A respeito da legitimidade para acionamento do sistema internacional de direitos humanos, assinale a opção correta.
- A)Para poderem apresentar petições à CIDH, as entidades não governamentais precisam ter status consultivo junto ao Conselho Econômico e Social das Nações Unidas.
Errada, porque para peticionar à CIDH não se exige status consultivo no ECOSOC; a legitimidade decorre do art. 44 da CADH.
- B)Somente os Estados-partes e a CIDH têm direito de submeter caso à decisão da Corte Interamericana de Direitos Humanos.
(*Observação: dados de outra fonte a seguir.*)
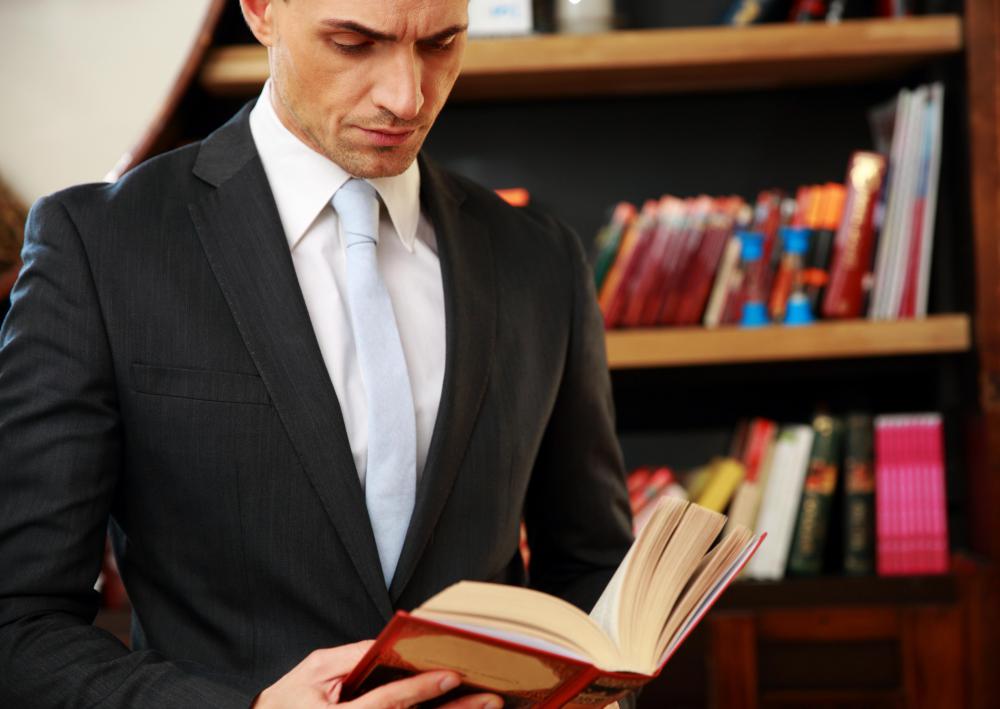 Trial lawyers must do a great deal of research.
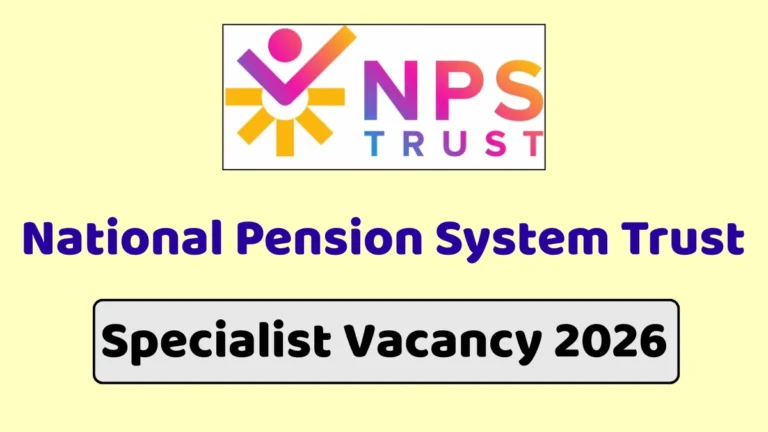 NPS Trust Specialist Vacancy 2026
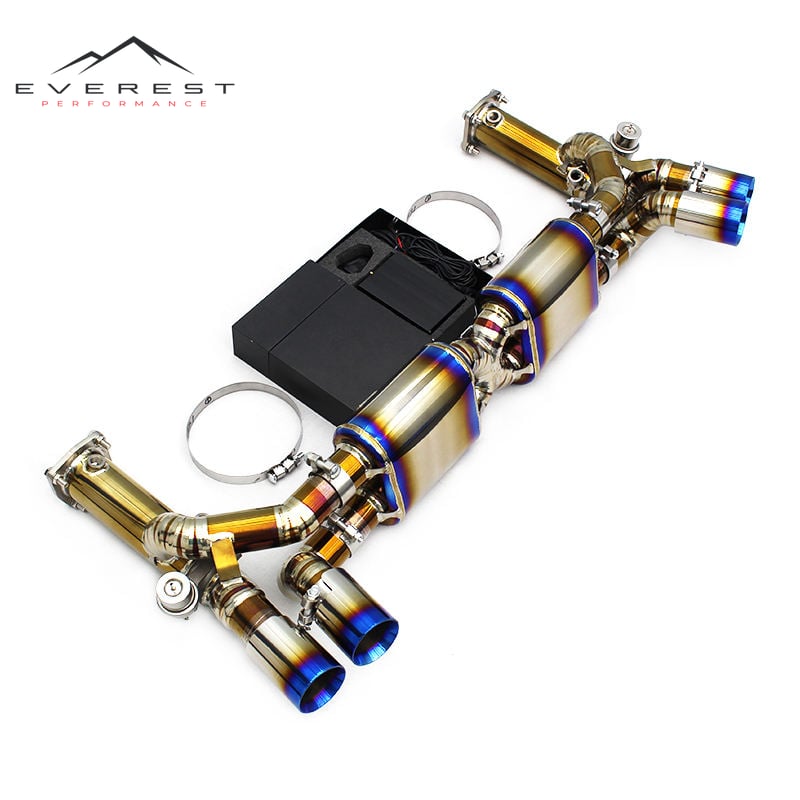 Catback Exhaust for Porsche 911 997.1 Turbo 3.6T 2004-2007 Racing Titanium Exhaust Pipe Muffler with Valve System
Certa, porque o art. 61, 1, da CADH prevê que somente os Estados-partes e a Comissão Interamericana podem submeter caso à Corte.
- C)Qualquer pessoa ou grupo de pessoas, ou entidade não governamental legalmente reconhecida em um ou mais Estados-membros da organização, pode apresentar petições à CIDH, mas somente em seu próprio nome.
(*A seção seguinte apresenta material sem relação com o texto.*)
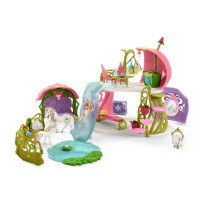 Schleich - glitter house with unicorns, lake and stable - 42445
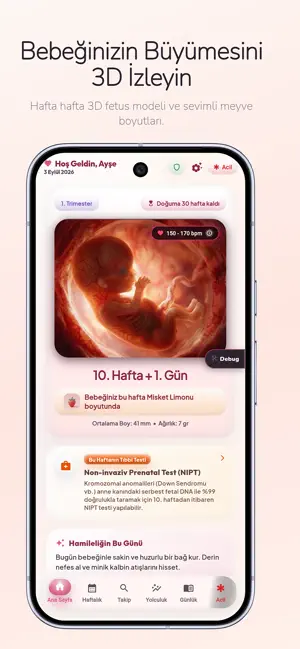 Aura: Hamilelik & Bebek Takip screenshot 1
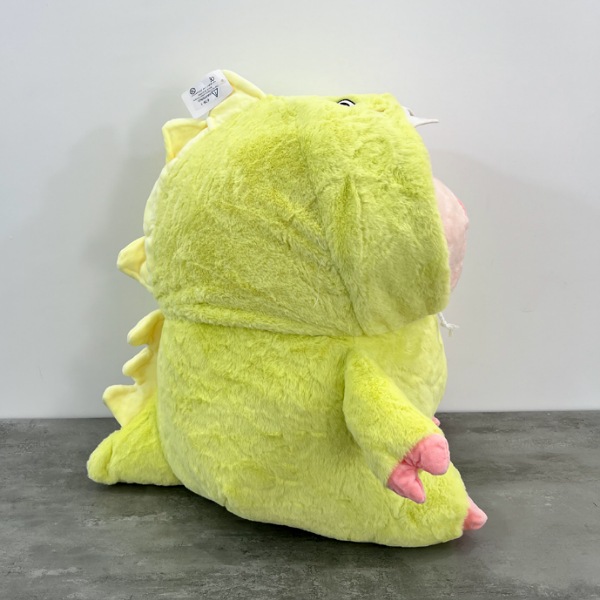 عکس شماره:7 , عروسک مدل خوک لباس دایناسور ارتفاع 50 سانتی متر کد 967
Errada, porque a CADH não limita a petição ao próprio nome de quem denuncia e permite atuação em favor de terceiros.
- D)O procurador do TPI não poderá agir de ofício para abrir um inquérito com base em informações sobre a prática de crimes da competência do tribunal.
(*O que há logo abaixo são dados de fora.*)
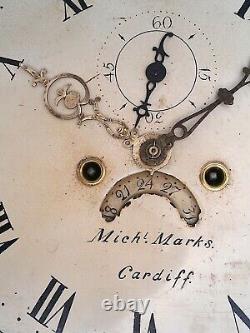 12X17INCH 8 DAY CARDIFF LONGCASE GRANDFATHER CLOCK DIAL+move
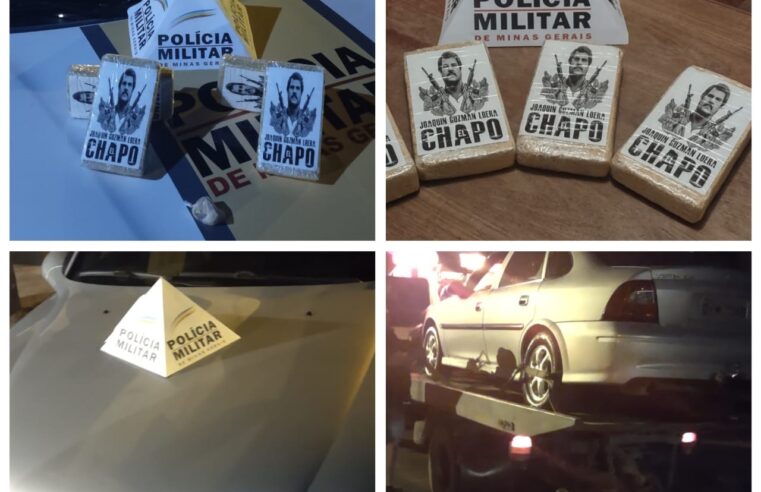 Polícia prende homem por tráfico e encontra drogas com foto de El Chapo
Errada, porque o Procurador do TPI pode agir de ofício, desde que observados os requisitos do art. 15 do Estatuto de Roma.
- E)O Conselho de Segurança da ONU poderá denunciar ao procurador do TPI qualquer situação em que haja indícios de ter ocorrido a prática de um ou vários crimes de competência do TPI somente em relação aos Estados-partes do Estatuto de Roma.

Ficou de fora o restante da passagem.